Saturday, 2 March 2013

It's the stupid data

When I was first looking for a job my father's advice to me was to join a company with a good reputation and brand name in a market that makes good profit margins.  Pretty good advice, which for the most part I have ignored.

Instead I have found my self working for and running businesses that operate at wafer thin margins and its a hard grind.  The job of a manager in these types of business is two fold: firstly find a way of navigating to markets with improved margins and secondly to run a very tight ship.  To run any business where the profit to turnover ratio is under 7% requires one thing; a trusted set of numbers for managers to work from.

Managing the economy is just a complicated version of running a low margin business (without the opportunity of navigating to high margin markets) and its becoming clear that governments and their civil servants are trying to do the job with one hand tided behind their backs.  Specifically in the UK our Organisation of National Statistics ( is in disarray.  An example of this is the endless revision of of GDP numbers up and down, begging the questions - are we in recession, were we in recession and are we likely to fall back into recession?  Imagine trying to run a company when you have know idea of forward monthly cashflows?  Similarly the ONS measures inflation in two ways, one is known to be faulty (RPI) but they continue to waste resources on collating this metric.

Is that the north star or a satellite?
The job of collecting the numbers is becoming more complex with the advent of computerised trading, e'commerce and the globalisation of manufacturing.  This last point means a car made (finished) in the UK may in fact contain only a small proportion of UK 'value add' with most of the valuable components being imported before assembly. All this complexity begs the questions; what should we measure and how can we be more accurate.  The same issue applies in a company where the contents of the 'Board pack' needs to inform the decision making.  Having designed Board packs for directors in a number of companies I have come up with a number of rules:

  1. Only measure stuff that informs a decision the Board will make - less is more
  2. Focus energy and resources on management information that helps drive good decisions that relate directly to the Boards objectives - other stuff doesn't interest them
  3. Leave historic reporting to the Auditors - you can't affect what's already happened
  4. Stop measuring things that you can't measure accurately.
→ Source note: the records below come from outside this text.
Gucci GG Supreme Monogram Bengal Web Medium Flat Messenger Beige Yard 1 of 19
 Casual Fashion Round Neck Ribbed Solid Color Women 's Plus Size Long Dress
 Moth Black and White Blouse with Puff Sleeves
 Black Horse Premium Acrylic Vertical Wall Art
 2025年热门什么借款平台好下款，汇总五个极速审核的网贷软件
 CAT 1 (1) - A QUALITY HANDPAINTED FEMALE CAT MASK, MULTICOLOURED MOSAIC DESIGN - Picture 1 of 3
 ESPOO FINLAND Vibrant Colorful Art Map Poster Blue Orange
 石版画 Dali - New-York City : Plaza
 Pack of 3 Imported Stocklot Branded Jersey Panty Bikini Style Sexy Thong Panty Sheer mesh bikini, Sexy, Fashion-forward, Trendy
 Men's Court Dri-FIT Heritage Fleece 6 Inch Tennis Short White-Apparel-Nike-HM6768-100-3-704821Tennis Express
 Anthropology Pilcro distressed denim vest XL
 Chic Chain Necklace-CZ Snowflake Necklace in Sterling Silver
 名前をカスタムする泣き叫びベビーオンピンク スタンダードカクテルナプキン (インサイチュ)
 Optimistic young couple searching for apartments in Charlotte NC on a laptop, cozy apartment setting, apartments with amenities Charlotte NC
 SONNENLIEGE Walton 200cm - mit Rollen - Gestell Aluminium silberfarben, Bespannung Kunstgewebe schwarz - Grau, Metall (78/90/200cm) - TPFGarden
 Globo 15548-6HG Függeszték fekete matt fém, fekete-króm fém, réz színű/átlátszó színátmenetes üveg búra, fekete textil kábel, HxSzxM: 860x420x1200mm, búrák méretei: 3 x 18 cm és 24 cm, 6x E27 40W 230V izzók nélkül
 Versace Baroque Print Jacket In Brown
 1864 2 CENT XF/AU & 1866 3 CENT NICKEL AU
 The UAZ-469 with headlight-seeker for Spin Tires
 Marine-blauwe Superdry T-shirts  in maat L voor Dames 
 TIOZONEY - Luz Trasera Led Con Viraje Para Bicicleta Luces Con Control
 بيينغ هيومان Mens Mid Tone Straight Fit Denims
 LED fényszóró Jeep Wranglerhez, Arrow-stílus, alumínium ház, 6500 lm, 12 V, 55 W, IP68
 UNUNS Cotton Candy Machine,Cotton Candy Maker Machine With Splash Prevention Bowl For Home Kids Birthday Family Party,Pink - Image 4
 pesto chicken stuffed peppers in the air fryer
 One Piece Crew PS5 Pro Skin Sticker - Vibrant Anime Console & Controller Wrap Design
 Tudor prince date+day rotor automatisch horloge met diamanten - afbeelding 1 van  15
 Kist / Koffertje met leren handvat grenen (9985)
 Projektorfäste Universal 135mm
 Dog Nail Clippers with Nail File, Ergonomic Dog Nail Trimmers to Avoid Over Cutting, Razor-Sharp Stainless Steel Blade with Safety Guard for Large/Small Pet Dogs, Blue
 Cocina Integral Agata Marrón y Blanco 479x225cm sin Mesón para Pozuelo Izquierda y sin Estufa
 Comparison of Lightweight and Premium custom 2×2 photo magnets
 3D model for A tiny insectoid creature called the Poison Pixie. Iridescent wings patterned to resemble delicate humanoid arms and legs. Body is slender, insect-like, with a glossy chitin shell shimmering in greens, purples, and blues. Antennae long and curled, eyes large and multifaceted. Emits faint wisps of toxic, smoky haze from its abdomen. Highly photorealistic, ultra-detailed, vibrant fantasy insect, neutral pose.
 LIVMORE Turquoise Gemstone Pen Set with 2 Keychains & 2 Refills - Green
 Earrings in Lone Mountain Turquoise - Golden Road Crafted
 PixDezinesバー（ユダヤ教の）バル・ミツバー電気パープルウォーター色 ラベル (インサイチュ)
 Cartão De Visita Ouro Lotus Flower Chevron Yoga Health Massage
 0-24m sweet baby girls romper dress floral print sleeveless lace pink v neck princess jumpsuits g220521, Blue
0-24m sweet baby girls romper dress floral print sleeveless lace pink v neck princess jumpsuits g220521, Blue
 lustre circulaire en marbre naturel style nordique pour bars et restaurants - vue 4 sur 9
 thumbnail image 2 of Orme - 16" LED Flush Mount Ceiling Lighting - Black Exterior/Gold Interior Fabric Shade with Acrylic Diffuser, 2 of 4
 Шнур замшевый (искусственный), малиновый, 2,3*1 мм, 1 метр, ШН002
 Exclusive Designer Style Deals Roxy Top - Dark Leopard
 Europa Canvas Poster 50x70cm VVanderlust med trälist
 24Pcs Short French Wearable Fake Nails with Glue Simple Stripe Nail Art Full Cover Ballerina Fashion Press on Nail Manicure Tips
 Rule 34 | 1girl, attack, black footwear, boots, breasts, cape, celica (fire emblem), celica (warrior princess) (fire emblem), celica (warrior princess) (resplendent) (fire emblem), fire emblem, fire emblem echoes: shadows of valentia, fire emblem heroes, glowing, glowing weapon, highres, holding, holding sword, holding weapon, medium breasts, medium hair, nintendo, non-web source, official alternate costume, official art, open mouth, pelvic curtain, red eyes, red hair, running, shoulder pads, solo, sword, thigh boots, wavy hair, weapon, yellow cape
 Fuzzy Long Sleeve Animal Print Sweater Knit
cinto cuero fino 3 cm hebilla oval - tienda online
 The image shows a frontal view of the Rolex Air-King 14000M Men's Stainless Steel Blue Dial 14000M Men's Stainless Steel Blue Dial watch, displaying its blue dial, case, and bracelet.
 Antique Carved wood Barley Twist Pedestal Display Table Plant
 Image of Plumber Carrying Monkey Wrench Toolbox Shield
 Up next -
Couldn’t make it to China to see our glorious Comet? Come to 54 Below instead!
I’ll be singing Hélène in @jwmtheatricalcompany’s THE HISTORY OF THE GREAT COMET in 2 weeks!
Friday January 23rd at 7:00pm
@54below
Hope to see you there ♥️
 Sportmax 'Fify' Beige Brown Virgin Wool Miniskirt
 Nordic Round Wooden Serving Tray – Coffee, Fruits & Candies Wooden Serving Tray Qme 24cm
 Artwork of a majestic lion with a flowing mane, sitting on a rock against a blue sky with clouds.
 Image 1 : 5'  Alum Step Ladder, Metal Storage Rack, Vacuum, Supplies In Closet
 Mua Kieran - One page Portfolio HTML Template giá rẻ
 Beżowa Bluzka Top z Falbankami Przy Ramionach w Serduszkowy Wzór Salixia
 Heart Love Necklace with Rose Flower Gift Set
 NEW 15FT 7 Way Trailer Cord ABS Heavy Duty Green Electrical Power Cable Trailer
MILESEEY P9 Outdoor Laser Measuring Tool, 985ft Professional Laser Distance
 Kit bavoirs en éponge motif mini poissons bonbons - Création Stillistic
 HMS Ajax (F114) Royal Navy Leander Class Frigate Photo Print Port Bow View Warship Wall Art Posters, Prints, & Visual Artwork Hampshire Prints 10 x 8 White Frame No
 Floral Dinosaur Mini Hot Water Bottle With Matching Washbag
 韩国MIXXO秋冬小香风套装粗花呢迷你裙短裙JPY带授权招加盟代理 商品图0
The onus for improvement is not with the ONS it rest squarely with the Executive (the Cabinet) and there are a few things that would make a difference.  Firstly, they should revisit their objectives and try set objectives that they can determine, there's no point having a set of objectives that will be largely governed by external global events. Having clarified their objectives they should be clear about the data they will use to measure progress towards these goals. They should then focus the ONS's resources on this data, switching resources from what is interesting to what is going to be used.